== Data under study ==
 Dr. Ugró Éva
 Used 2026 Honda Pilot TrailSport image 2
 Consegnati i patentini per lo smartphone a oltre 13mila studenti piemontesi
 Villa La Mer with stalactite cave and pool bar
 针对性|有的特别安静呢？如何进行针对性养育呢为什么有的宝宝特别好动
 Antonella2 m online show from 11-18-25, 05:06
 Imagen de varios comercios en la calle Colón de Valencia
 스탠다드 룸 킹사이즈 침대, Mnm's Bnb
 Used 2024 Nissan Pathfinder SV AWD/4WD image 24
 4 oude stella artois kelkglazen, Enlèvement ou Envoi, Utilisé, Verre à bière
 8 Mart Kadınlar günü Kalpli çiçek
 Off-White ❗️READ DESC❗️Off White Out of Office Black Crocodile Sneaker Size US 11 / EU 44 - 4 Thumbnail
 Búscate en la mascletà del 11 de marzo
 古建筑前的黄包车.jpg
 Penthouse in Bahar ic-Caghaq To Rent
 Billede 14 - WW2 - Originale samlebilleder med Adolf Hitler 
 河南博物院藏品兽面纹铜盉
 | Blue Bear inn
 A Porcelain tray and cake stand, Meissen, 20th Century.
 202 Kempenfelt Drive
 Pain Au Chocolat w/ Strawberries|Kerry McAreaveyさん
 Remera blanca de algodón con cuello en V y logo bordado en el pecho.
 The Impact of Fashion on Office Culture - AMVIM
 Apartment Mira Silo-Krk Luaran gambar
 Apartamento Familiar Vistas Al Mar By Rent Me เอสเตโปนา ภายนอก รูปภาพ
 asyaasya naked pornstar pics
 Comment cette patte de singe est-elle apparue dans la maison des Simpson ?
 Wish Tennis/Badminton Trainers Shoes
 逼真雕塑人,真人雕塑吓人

== Problem details ==
Transcribe all of the records above without altering anything.

== Solution to this exercise ==
 Dr. Ugró Éva
 Used 2026 Honda Pilot TrailSport image 2
 Consegnati i patentini per lo smartphone a oltre 13mila studenti piemontesi
 Villa La Mer with stalactite cave and pool bar
 针对性|有的特别安静呢？如何进行针对性养育呢为什么有的宝宝特别好动
 Antonella2 m online show from 11-18-25, 05:06
 Imagen de varios comercios en la calle Colón de Valencia
 스탠다드 룸 킹사이즈 침대, Mnm's Bnb
 Used 2024 Nissan Pathfinder SV AWD/4WD image 24
 4 oude stella artois kelkglazen, Enlèvement ou Envoi, Utilisé, Verre à bière
 8 Mart Kadınlar günü Kalpli çiçek
 Off-White ❗️READ DESC❗️Off White Out of Office Black Crocodile Sneaker Size US 11 / EU 44 - 4 Thumbnail
 Búscate en la mascletà del 11 de marzo
 古建筑前的黄包车.jpg
 Penthouse in Bahar ic-Caghaq To Rent
 Billede 14 - WW2 - Originale samlebilleder med Adolf Hitler 
 河南博物院藏品兽面纹铜盉
 | Blue Bear inn
 A Porcelain tray and cake stand, Meissen, 20th Century.
 202 Kempenfelt Drive
 Pain Au Chocolat w/ Strawberries|Kerry McAreaveyさん
 Remera blanca de algodón con cuello en V y logo bordado en el pecho.
 The Impact of Fashion on Office Culture - AMVIM
 Apartment Mira Silo-Krk Luaran gambar
 Apartamento Familiar Vistas Al Mar By Rent Me เอสเตโปนา ภายนอก รูปภาพ
 asyaasya naked pornstar pics
 Comment cette patte de singe est-elle apparue dans la maison des Simpson ?
 Wish Tennis/Badminton Trainers Shoes
 逼真雕塑人,真人雕塑吓人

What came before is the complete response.